The Deep South Holidays & Accommodation

USA, North America

deep south holiday and accomodation guide

The Deep South offers uniquely home grown cultural contributions to the fabric of American society. Louisiana has contributed Creole and Cajun culture, while the Mississippi Delta is the origin of the blues, a uniquely American form of music and infamous for its heritage of cotton cultivation. Whether you're interested in the cultural contributions of these states, or the wildlife, shopping, or casinos to be found, you can discover a lot of interesting adventures in this region. Flowing through both states you will find the mighty Mississippi, the largest river system in North America.

The Deep South Holidays Planner

Louisiana has over 7500 miles of rivers and streams to canoe and kayak. You can also visit state parks like Grand Isle State Park, a barrier island town with seafood shacks and fishing spots where you can arrange for a fishing charter or rent a canoe to explore the inland canals. If none of these options appeals to you, you might just want to have a seat along the shore and watch the brown pelicans dive for fish.

French speaking Acadians exiled from the Maritimes up north in Canada fled to Louisiana in the eighteenth century and became the Cajun people, forming their own unique culture, traditions, and French dialect. If you want to visit the bayou home of the Cajuns, you may want to charter a swamp tour in Lafayette with its cypress trees draped with Spanish moss, alligators, and herons, it is a unique environment. Take the opportunity while you're in Louisiana to sample some classic Cajun cooking as well, and try a gumbo, dirty rice, or a jambalaya.

In Mississippi, you can visit many natural points of interest, including some beautiful beaches off Highway 90. These beaches are protected by barrier islands that limits their surf, but makes them very family friendly even for small children. You can find them around the Gulfport and Biloxi area. If you want surf, you can take the ferry to West Ship Island, the ride is about an hour, and dolphins frequently escort you on your ride.

Other areas you may want to visit in Mississippi include the Tishomingo State Park in the foothills of the Appalachian Mountains where archaeological evidence indicates a civilization here as early as 7000 BC.

In Louisiana you may want to visit a plantation, or a plantation home, like Houmas House in Darrow. This antebellum building in the Greek revival style is part of a sugarcane plantation that was restored in the 1940's with some beautiful landscaping. Maybe instead you will want to visit Fort Jesup which was built in 1822 to monitor Texas as it passed from Spanish and Mexican control until the Mexican American War in 1846.

Even if you are not much of a blues fan, you probably will not want to miss a chance to visit the Mississippi Delta, birthplace of this music.
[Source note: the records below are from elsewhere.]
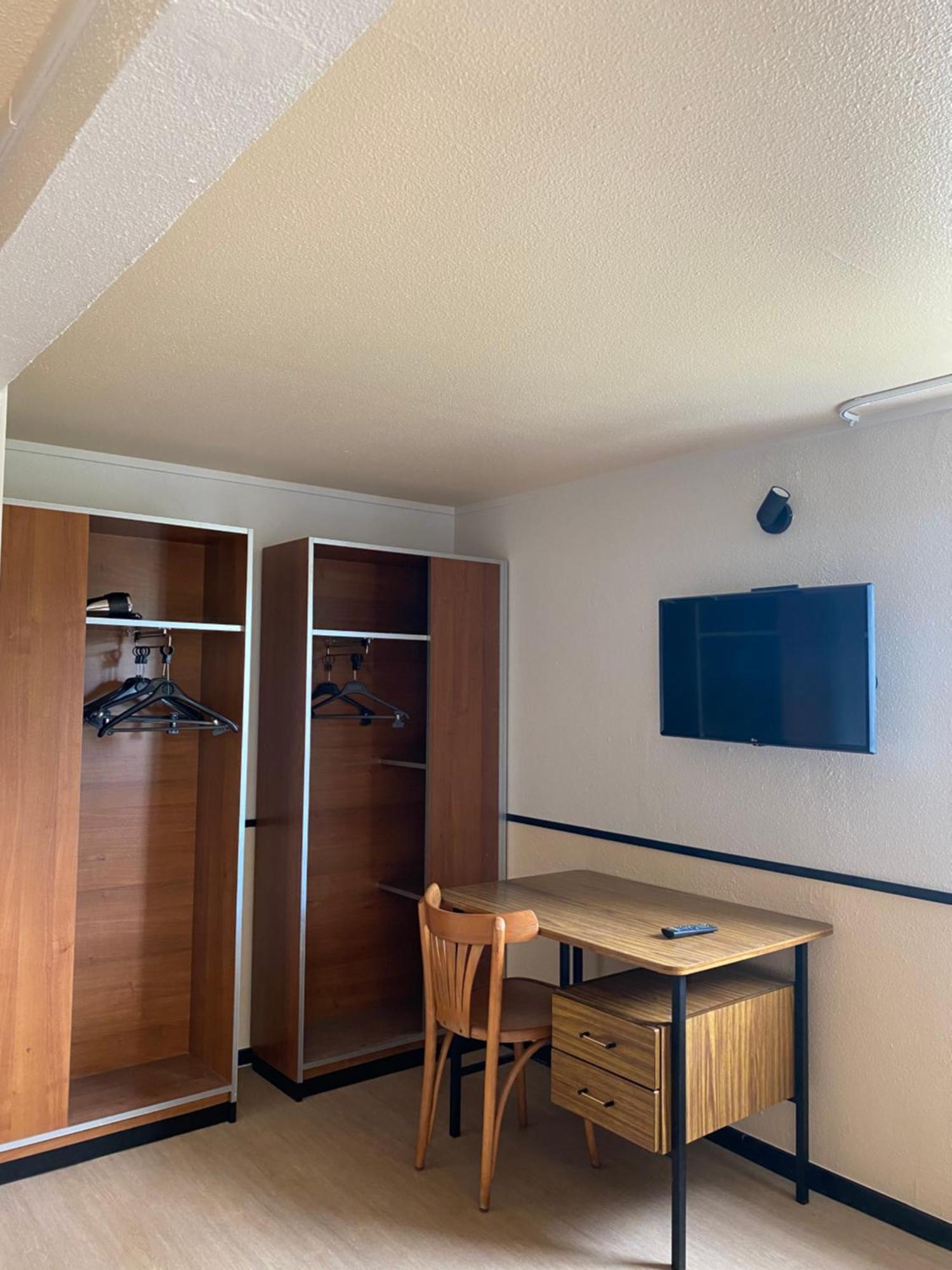 Greet Hotel Villeneuve La Garenne - Renove Екстериор снимка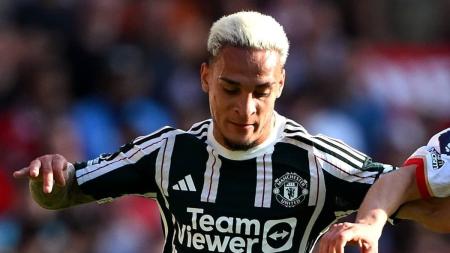 Antony em ação pelo Manchester United, da Inglaterra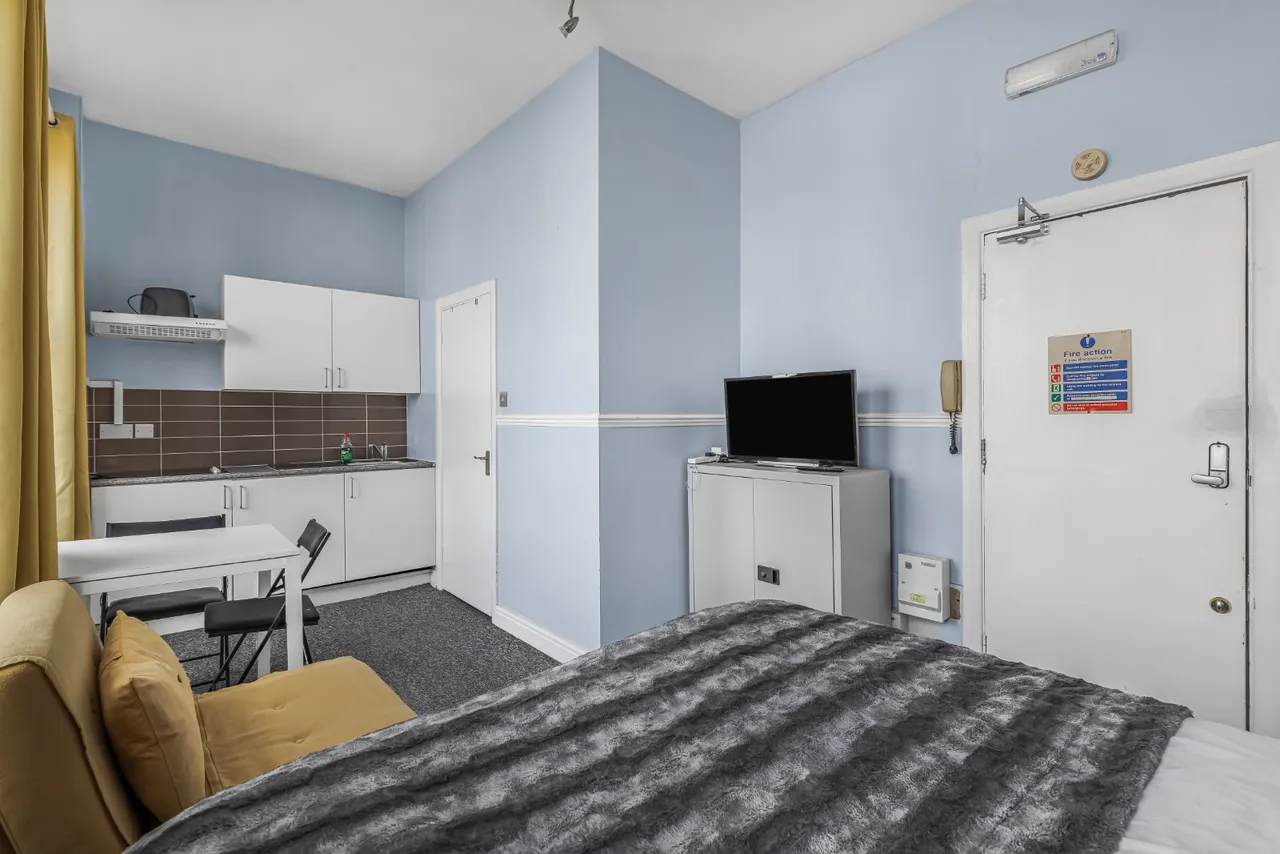 Castletown Road, West Kensington, London, W14, photo 5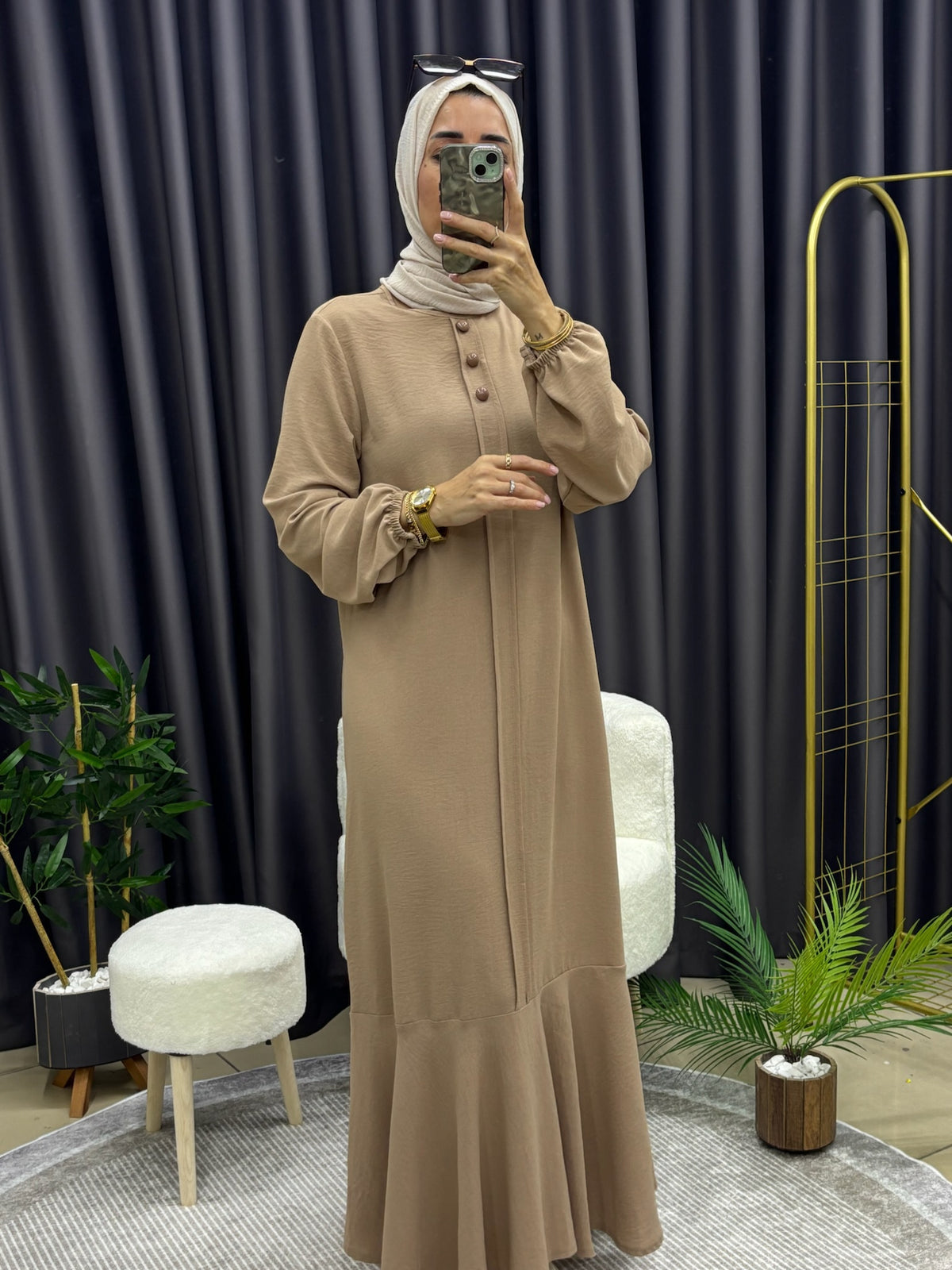 ÜÇ DÜĞMELİ ELBİSE VİZON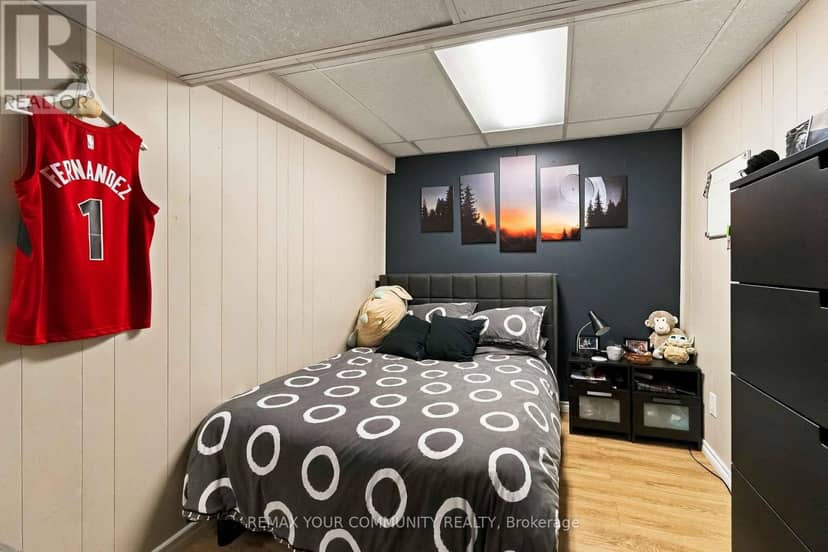 7013 Hickling Crescent — photo 30 of 35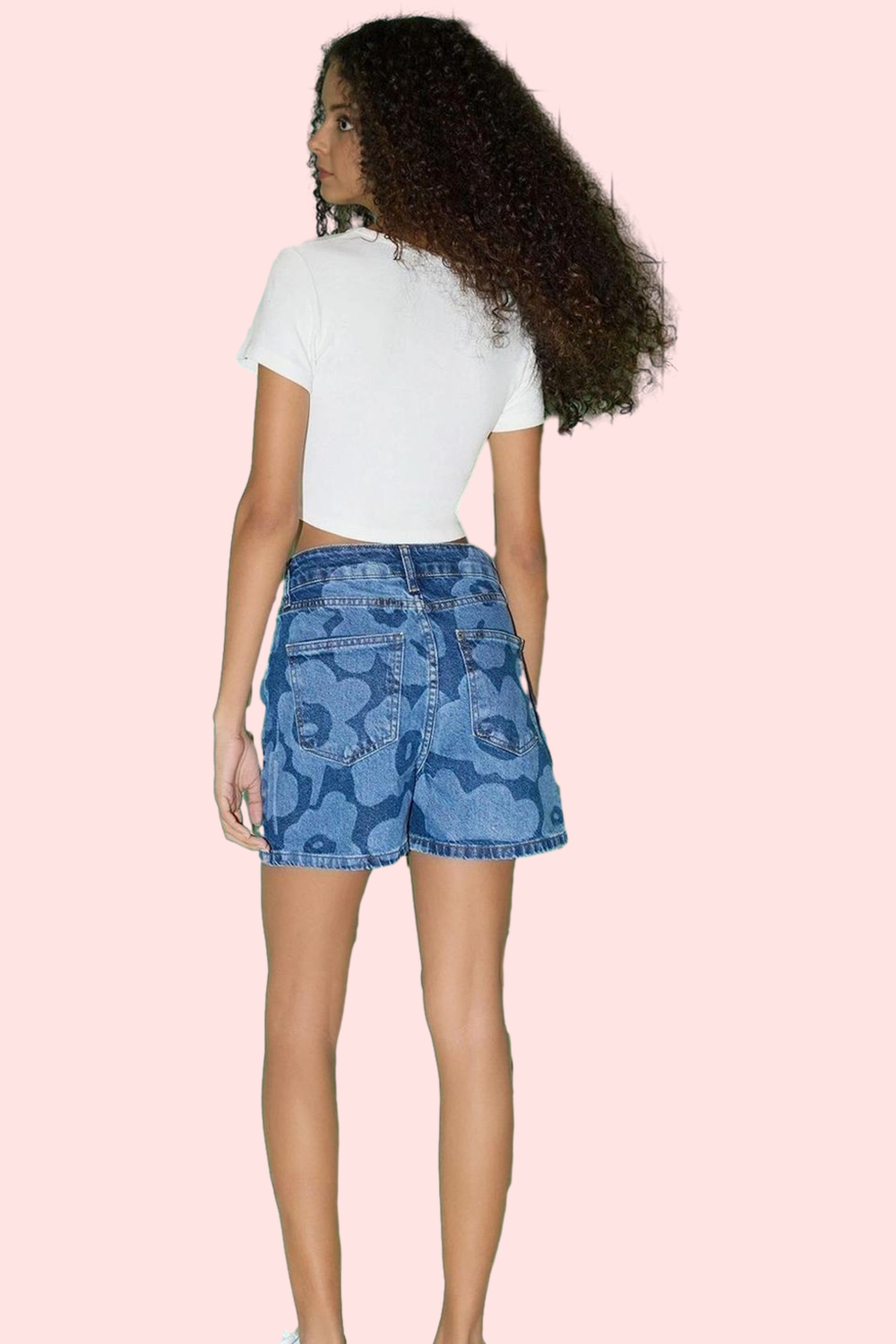 Kadın Yüksek Bel Pamuklu Denim Şort Çiçek Desenli Boru Paça City Short Rahat Günlük Hafta Sonu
You can visit the Delta Blues Museum in Clarrksdale and try the catfish pate as well as the old stomping grounds of B. B. King in Indianola. In Rowan Oak, you can see William Faulkner's home where he sketched out ideas for one of his novels on the wall. You may want to take the opportunity to visit Oxford, where he set many of his novels.

In Birmingham, Alabama you can visit numerous civil rights sites from the sixties including the sixteenth street Baptist Church and the memorial at Kelly Ingram Park. At Huntsville, you can join in the Big Spring Jam, one of the largest music festivals in the Southeast, held every September. In Georgia, you can explore Atlanta's World of Coca-Cola or CNN's Atlanta headquarters, or you may choose instead to explore the old-world charm of Savannah's historic buildings and boutique shops. Savannah also enjoys reputation for microbreweries and there is also a very picturesque cemetery that you may want to visit.

In De Soto State Park in Alabama you can see beautiful waterfalls and meadows, rent a cabin, or simply hike or mountain bike the area, and in Georgia you can explore the oldest American State Park at Indian Springs near Jackson and sample the spring water there or perhaps go boating.

The Deep South Accommodation Guide
For eco-tourism, shopping, gastronomic tours, literature lovers, or music buffs, this diverse area has a lot to offer the visitor. The area has recovered significantly since the disaster of Hurricane Katrina and is welcoming visitors back, you shouldn't miss the opportunity!